In June, 1979, the paternal grandfather delivered Denise to appellant’s home in Texas for a one month visitation. Shortly thereafter, appellant and her new husband moved to Okeechobee County, Florida, and brought Denise with them. On July 13, 1979, appellant filed in Okeechobee County a petition for modification of Denise’s custody wherein she alleged that she and her present husband have a suitable and proper home in which to raise the child and that material changes in circumstances and conditions since the 1973 divorce warrant custody to be awarded to appellant.
The paternal grandparents and former husband moved to dismiss the petition for modification on the grounds that the criteria for exercising jurisdiction in Florida under Section 61.1308, Florida Statutes (1979), the Uniform Child Custody Jurisdiction Act, were not present in this case; that the Florida court was an inconvenient forum within the parameters of Section 61.1316, Florida Statutes (1979); that appellant wrongfully took Denise from Texas as proscribed by Section 61.1318, Florida Statutes (1979); and that appellant failed to file an affidavit required by Section 61.132, Florida Statutes (1979).
On August 24,1979, the trial court granted the motion to dismiss and ordered that Denise be returned to her grandparents. Thereafter, the trial court entered a further
The Court is of the opinion that even though the child is in the jurisdiction of the State of Florida, and that the mother resides in this State, the matter should be resolved in the State of Texas; that the mother should have instituted proceedings in the State of Texas, which was the most convenient forum, rather than leave with the child while under the visitation rights, to the State of Florida.
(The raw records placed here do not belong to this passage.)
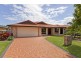 6 Bush Cherry Place, Thornlands QLD 4164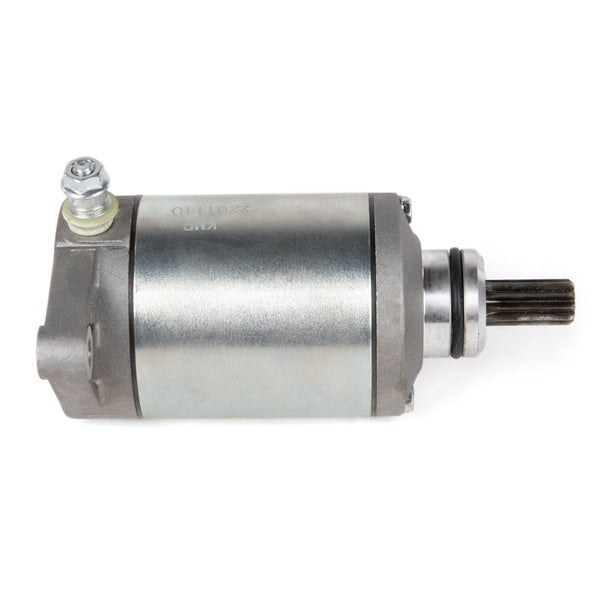 KIMPEX STARTER A/C 3305-954 KIMPEX MDQ659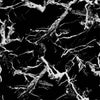 Marble Black, Roll Vinyl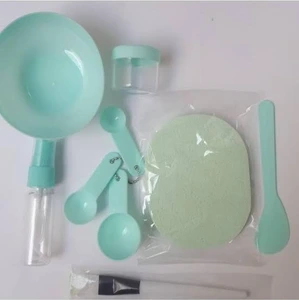 تصویر فروشگاه آرایشی نجلا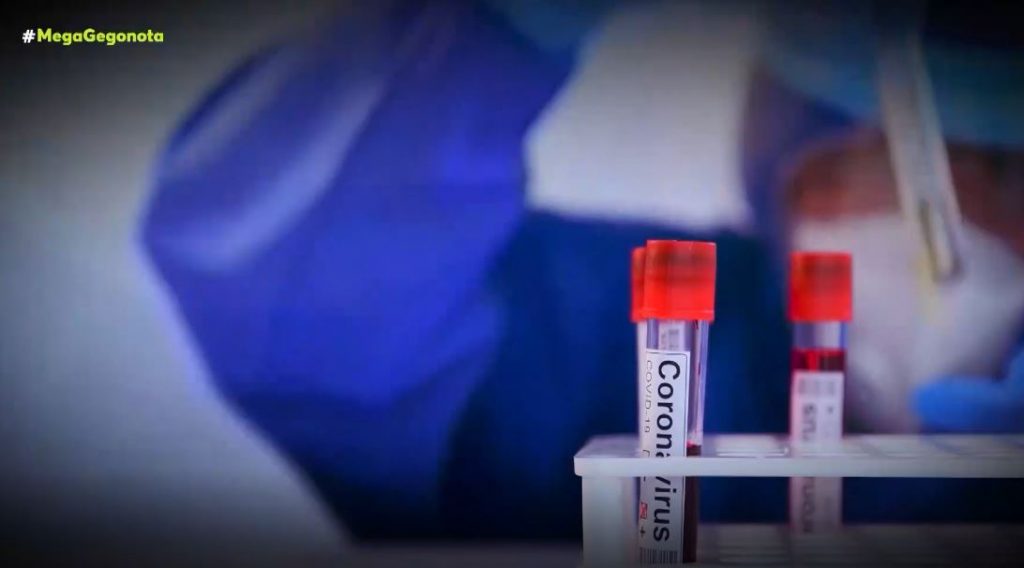 «Ώρα μηδέν» για τους ανεμβολίαστους υγειονομικούς – Σε αναστολή από αύριο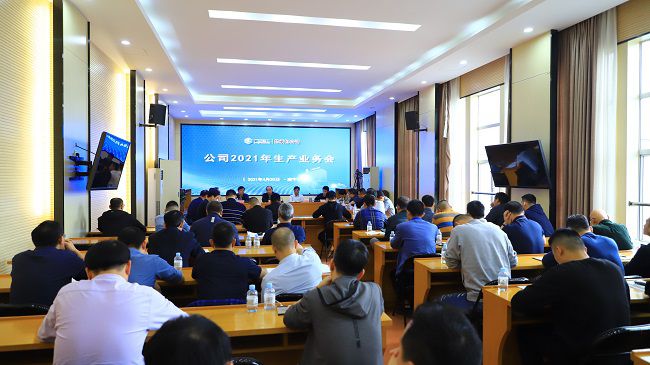 聚会现场 李立云 摄（修图）.jpg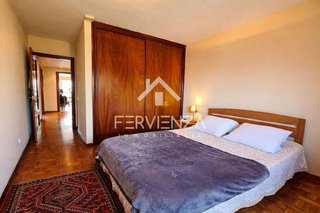 Piso en venta en San Lázaro - Otero - Villafría en Oviedo
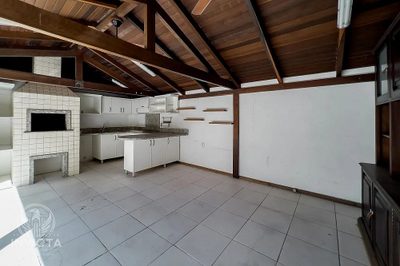 Apartamento, 3 quartos, 314 m² - Foto 5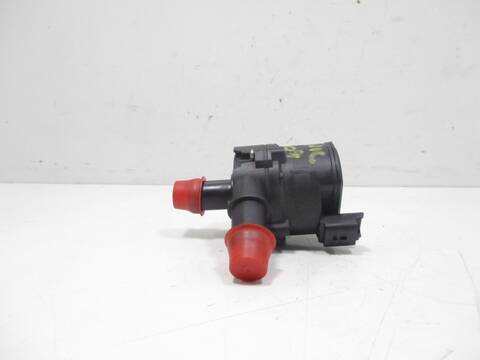Bomba de Agua Renault Scenic H5H450 IV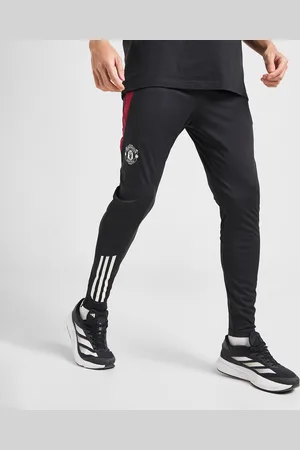 adidas Manchester United Fc Training Track Pants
We agree with the trial court’s conclusions. Florida is not the child’s home state. Texas has a closer connection with her; and substantial evidence concerning Denise’s present or future care, protection, training and personal relationships is more readily available there. Rather than bringing the child to Florida, appellant should have sought modification in Texas. Hegler v. Hegler, 383 So.2d 1134 (Fla. 5th DCA 1980). See also Matteson v. Matteson, 379 So.2d 677 (Fla.2d DCA 1980); Trujillo v. Trujillo, 378 So.2d 812 (Fla.3d DCA 1979). One of the purposes of the subject act is to assure that litigation concerning child custody takes place in the state in which the child and his family have the closest connection. We are confident that the appropriate court in our sister state would, upon appellant’s petition, enter an order of custody consistent with Denise’s welfare and best interests. Accordingly, we affirm.
AFFIRMED.
Concurrence Opinion
concurring specially.
I concur in the result but view the order of the trial court slightly differently than the majority. It appears to me that the trial court simply declined to exercise jurisdiction in this cause and that this result was entirely proper pursuant to Section 61.1318, Florida Statutes (1979), which specifically authorizes a trial court to decline to exercise jurisdiction to modify a custody decree of another state if the petitioner seeking modification has improperly removed the child from the physical custody of the person entitled to custody or has improperly retained a child after a visit or other temporary relinquishment of physical custody. It is uncontested that this is exactly what happened in this case, and I therefore think the trial court was entirely proper in refusing to exercise jurisdiction.